Our officers are, the Captain, Lawless; first lieutenant, Soper; the second lieutenant, a fine, stout Irishman, who has amused me much, by recounting the escapes of his past life.
Tuesday 15th, 12 o’clock.—Still about twenty miles from Mondego Point. Marshal Beresford, who is lying at Oporto badly wounded, sent out to ask for a passage to Lisbon on board our vessel; and it was arranged that we were to fire two guns if we could accommodate him: but the Captain was not able to do so in his small cabin, even if we had both given up our berths, which we would cheerfully have done. It was fortunate, however, he did not come on board, as he would have passed three miserable nights if he had made trial of our scanty accommodation.

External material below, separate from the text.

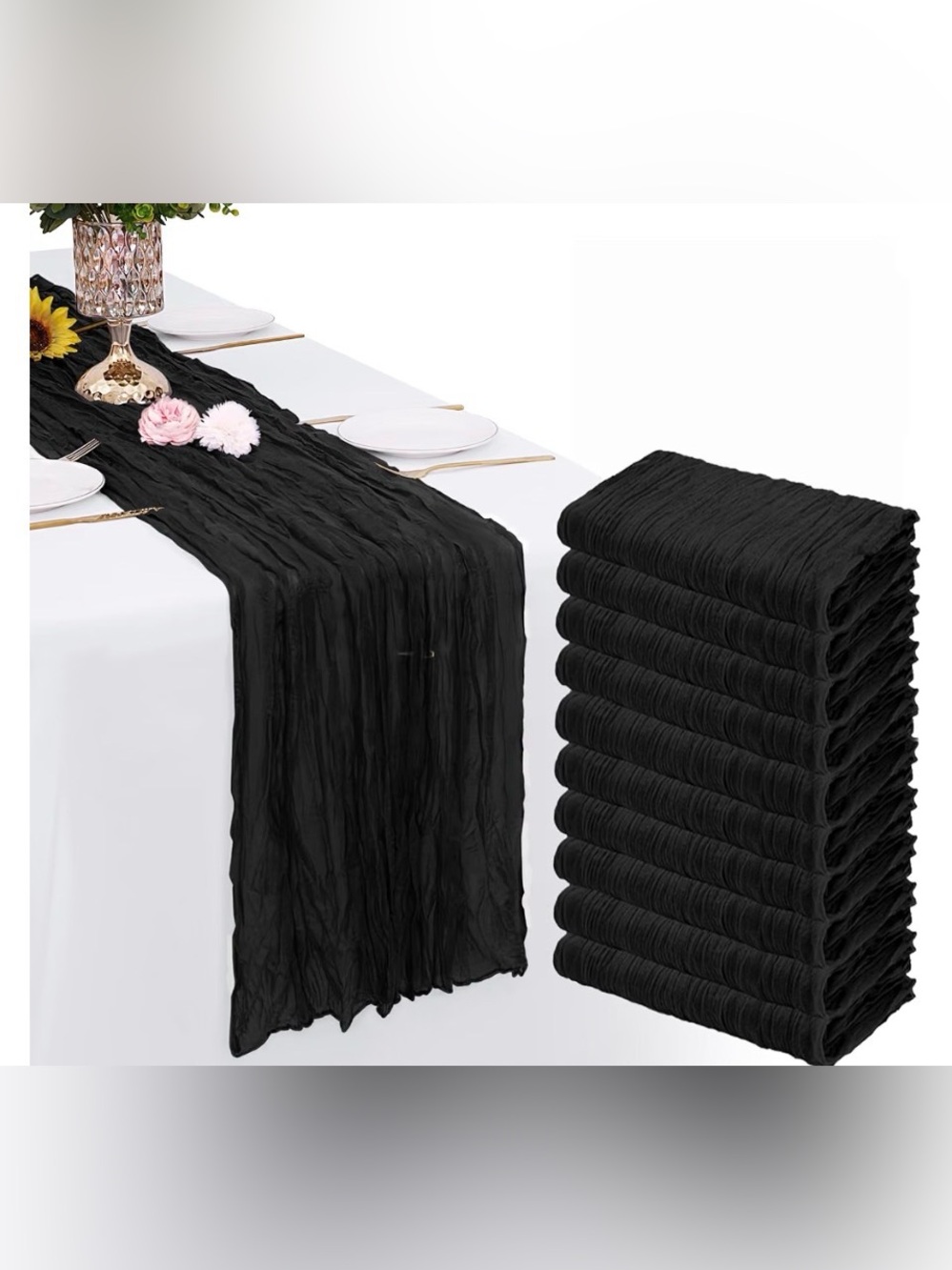 10 Pack Black Cheesecloth Table Runners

Lisbon, September 17th.—Two more nights out becalmed—one, off Mondego Bay; and another, off the rock of Lisbon. We got in here this morning at seven o’clock, and have been all the morning running about the town. The view at the entrance into the harbour is very beautiful. We anchored at dusk off Cascaes Fort last night. The General, Peacock, has given me quarters at the Marquis d’Abrantes’, and to-day I dine with the General. It is said that there is a great mortality in the army; the officers sickly, and a great want of money.